Given the sprawl we've created, what improvements are possible outside of a downtown core? It doesn't make sense to make EVERY place a downtown, so what kind of incremental development would do more good than harm? (side note: as always, I don't have the answers to these questions, I just want to explore them and hear what other people think!)

I had the opportunity to learn a little more about a project that is not in Durham, but nearby. Grubb Properties is working on a development in Chapel Hill called Glen Lennox.


Opened in 1950, Glen Lennox has been a development of mostly multifamily, single-story garden apartments. Each building has up to four units.

Example of a Glen Lennox apartment building
After World War II, there was a housing shortage in the region and these homes were meant to house returning veterans and their families, alleviating that shortage.

In 2008, Grubb Properties announced that they would be redeveloping Glen Lennox.

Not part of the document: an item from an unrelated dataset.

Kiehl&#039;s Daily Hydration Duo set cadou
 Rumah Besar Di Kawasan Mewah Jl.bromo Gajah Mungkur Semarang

After shelving the plans, but continuing to have discussions with the community, they rounded back and got put forth the current development plan in 2012. Phase I of the project is under construction now. Obviously, it has been a slow process, but in that time, Grubb has been able to be thoughtful about the project.

First of all, I think that it is impressive that the Chapel Hill Historical Society commends Grubb on their website, saying "Grubb Properties has worked with tenants, property owners, and the Town of Chapel Hill to create a development plan that will preserve some of the history and traits that distinguish the neighborhood."

I was able to speak to Tim Jezisek from Grubb Properties. Tim liked to talk about Grubb's reverence for the community. He told me that he has spoken to past and present residents, all of whom have memories and a connection with Glen Lennox. Personally, I have been thinking about lack of community recently, and having a shared connection to a place is important.


The first phase of the project includes a larger multifamily apartment complex, a clubhouse with apartment amenities as well as office space. Future phases include more residential and office space with the addition of a retail center. The term "live, work, and play" sounds better than "live, work, and errands", but the latter is important for creating walkable, compact neighborhoods. Glen Lennox hopes to accomplish that goal.

Source: www.glenlennoxvision.com/our-story/transformation/

Source: www.glenlennoxvision.com/our-story/transformation/

Thinking About Transportation

What struck me the most about Grubb's plan was their focus and energy devoted to transportation options, both within the community as well as connecting the community to the outside world.

There is a lot of talk about "TOD" or Transit-Oriented Development. I worry that it is becoming a buzz word (e.g. a developer fixes up one bus stop and calls the project a TOD in its marketing material). However, Tim and Grubb have been working hard with the town, NCDOT, planners, advisors, and advocacy groups to figure out a transportation plan.

They even brought in Copenhagenize, a superstar planning and design firm based in Denmark, to consult on the development. Copenhagenize specializes in multi-modal transportation design that prioritizes bikes, walking, and transit.

Below are a few of solutions that they want to work into the mix:

Better bus stop facilities

Glen Lennox has bus stops within the development, but they are old. Grubb has been busy researching best practices for bus shelters. What designs will offer protection, a sense of safety, and ADA access to the busses to encourage ridership?

More modes

Currently, streets within Glen Lennox are wide and the roads widen even more at intersections (so cars don't have to slow down to make a sharp turn, meaning speeds are higher than they should be). Grubb is looking to calm traffic while also providing more sidewalks, crosswalks, and bike lanes throughout.


If you know Chapel Hill, Glen Lennox is situated near the intersection of 15-501 and 54, two high-speed roads meant primarily (almost exclusively) for cars. How can you connect Glen Lennox residents with the separated bike trail nearby or UNC campus? Grubb has worked to solicit and develop plans for the start of a pedestrian and bicycle network that includes adding a new stop light to 15-501, with prioritized pedestrian and bike crossings. They also looking at pedestrian and bike facilities in neighboring areas in order to create a complete network. This level of effort to designing and researching streets that aren't adjacent to your own project seems rare, but it makes sense as it will benefit the desirability of the project.

All of this effort has meant that the project is taking time. However, it appears to still be financially feasible, even with a long development timeline. The project proves that taking the time to be thoughtful about your community as well as transit options is possible for a developer.

In Durham, we have some thoughtful developers ourselves, so I am optimistic that more can and will be done, especially with regards to transportation around here. Unfortunately, currently pedestrian and bicycle facilities on this side of the county line are still lacking, at least for now. I hope that we can make strides with help from both the public and private sectors.